Devon Key (born October 28, 1997) is an American football defensive back for the Denver Broncos of the National Football League (NFL). He played college football for Western Kentucky and was signed by the Kansas City Chiefs as an undrafted free agent following the 2021 NFL Draft.

Early life and education
Devon Key was born on October 28, 1997, in Lexington, Kentucky. He attended Bryan Station High School there, playing on offense and defense. He was rated a two-star prospect by Rivals.com, 247sports.com, and Scout.com. Following his senior year of high school Key accepted a scholarship offer from Western Kentucky University, spending his first year of 2016 as a redshirt.

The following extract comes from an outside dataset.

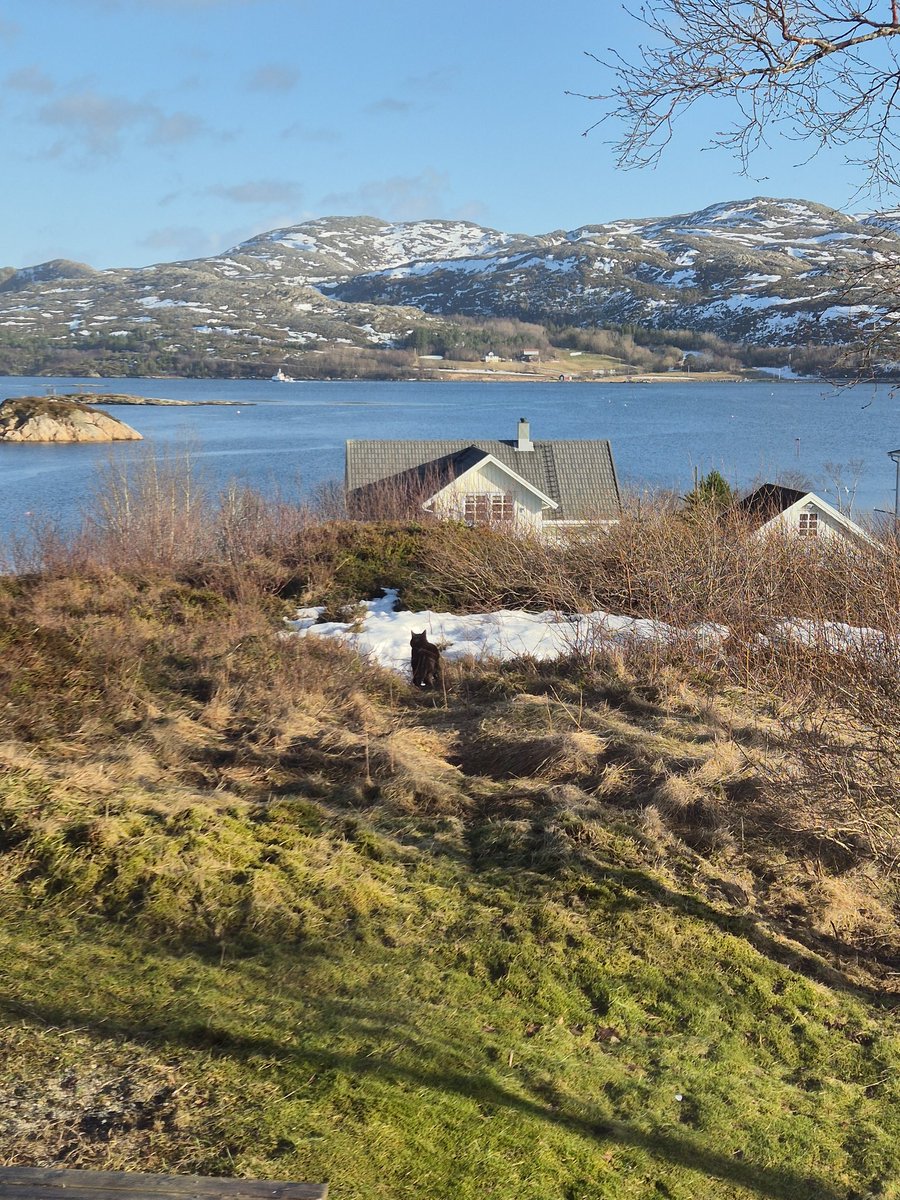 Nora 🜏 tweet media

As a redshirt-freshman the following year, Key was starting safety to begin the season, making 94 tackles (44 solo, 50 assisted) to rank second on his team and 16th in the conference. He recorded at least nine tackles in five different games. He made his first-career interception in the end zone on November 11 at Marshall. He had a career-high 12 tackles on September 9 at Illinois.

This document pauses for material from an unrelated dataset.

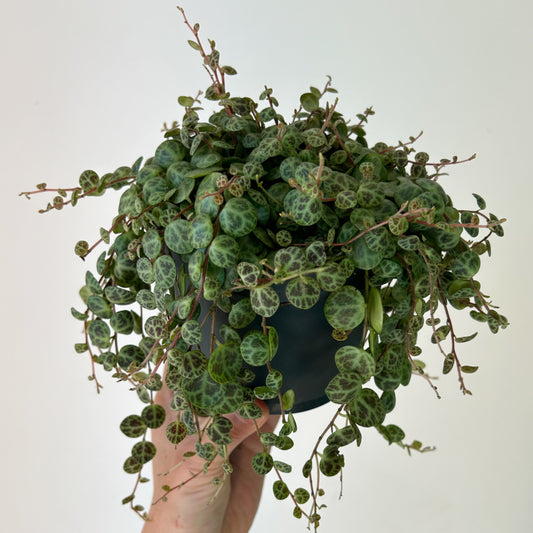 String of Turtles (Peperomia prostrata) 5” pot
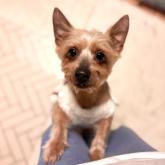 ヨークシャーテリア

He started all 12 games as a sophomore, compiling 71 tackles to lead the team's defensive backs. He also recorded a team-leading three interceptions. His first interception, against Maine, was returned for a 45 yard touchdown. Key also made interceptions during the final two season games. Following the season he was named All-Conference USA honorable mention.

Key started 13 games as a junior, making 93 tackles, third on the team. He recorded his second career interception return touchdown against Arkansas in November. He again was named All-Conference USA honorable mention. He again started every game during his senior season, breaking the FBS-era team record for career tackles, with 350. He finished the year with 92 tackles, one less than the previous year. He was named second-team All-Conference USA following the season.

Professional career

Kansas City Chiefs
After going unselected in the 2021 NFL Draft, Key was signed by the Kansas City Chiefs as an undrafted free agent. He was released at roster cuts and signed to the practice squad the next day. He signed a reserve/future contract with the Chiefs on February 2, 2022.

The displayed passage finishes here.